Mogwai - Every Country's Sun (Cover Artwork)
Staff Pick


Every Country's Sun (2017)

Temporary Residence

Scottish post-rockers Mogwai are a band that only be described as an experience. Their artform transcends the typical instrumentalists out there and it's mostly due to how much inspiration, emotion and dreams they pack into songs that while lacking vocals, have so much energy embedded. After they scored Atomic last year, I dove back into their discography and to be honest, it felt wrong being away from it for so long. With Every Country's Sun constructed while the band was secluded and recording in America during Donald Trump's election, bet your bottom dollar that this record, while not your typical Mogwai one, is one that's just as big a musical novel -- painting a million stories at the speed of light.

You can feel the duality here like never before. And for certain, it feels like an album that producer Dave Fridmann returns to work with the gents on in order to guide them to a modern era. Not like they needed it in any case. That said, you can sense the battles of love and war, life and politics, harmony and chaos, without the band doing or saying too much. I love how subtle these tracks are whether they're loud or melodically soothing, which safe to say, was expected. You can get the latter comforting vibe off the hymn-esque, synth-filled beats of the opening track "Coolverine" while the aforementioned explosions can be found on songs like the brazen "Old Poison" (which feels like a rocker of old) and "Crossing The Road Material". This track in particular feels like vintage Mogwai in how it lingers quietly before scaling melodic heights and sprawling forth like albums of the past.

One of the biggest curveballs comes early on too in the form of "Party In The Dark" where guitarist Stu Braithwaite drops some vocals to an unusual backdrop as if to indicate things aren't going to float on as you thought they would. It's a shimmery dream pop track made for fans of Beach House, Kite Party or Interpol. I'd love to see more of this given the band's experience and also, yeah, just because they're middle-aged dudes. Should have a nice balance to it because it reminds us Mogwai aren't here to break the wheel. They're simply steering it in a different direction.

As the title track wraps things up in resounding fashion, a lot of things come to mind. Mainly because it feels like an epiphany -- it feels like Mogwai are turning on the bright lights to illuminate these new roads in their careers. And why not, because they've definitely earned it! The right to do what they want and be unapologetic about it.
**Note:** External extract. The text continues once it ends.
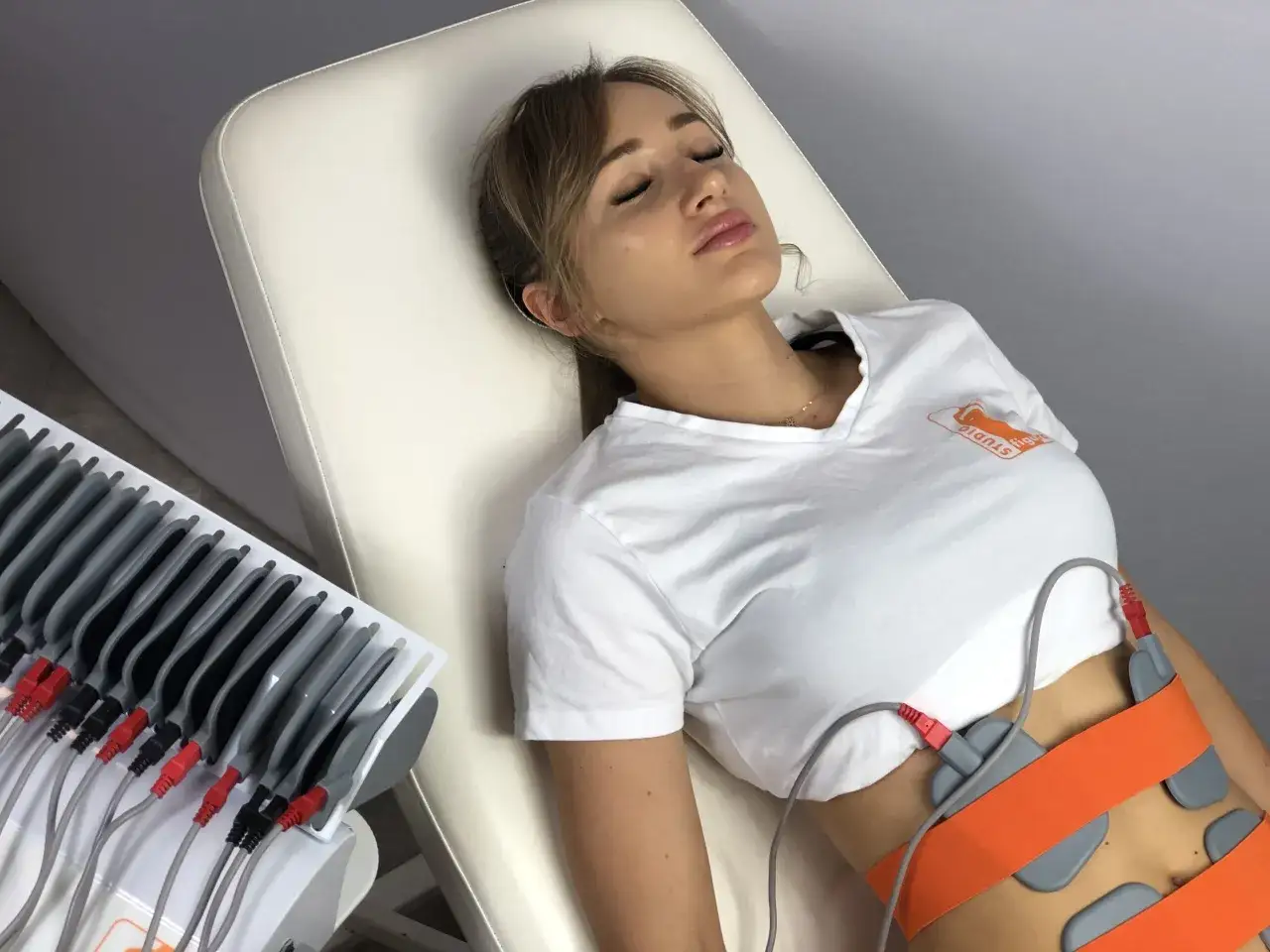 Kobieta leży na kozetce, poddana elektrostymulacji brzucha. Urządzenie z elektrodami jest podłączone do jej ciała.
If you're into Explosions in the Sky or Sigur Ros, then you'll appreciate this record as an epic novel and as a backdrop to the utter chaos we live in today. It has enough experimentation in it to throw off fans of old, but Every Country's Sun is a Mogwai album at heart. It's just marching to a different drum. It jars you like the Beasts of No Nation soundtrack but leaves you, as the title implies and wants, much more hopeful. Yes, mark my words, you'll be in a better place when the album ends.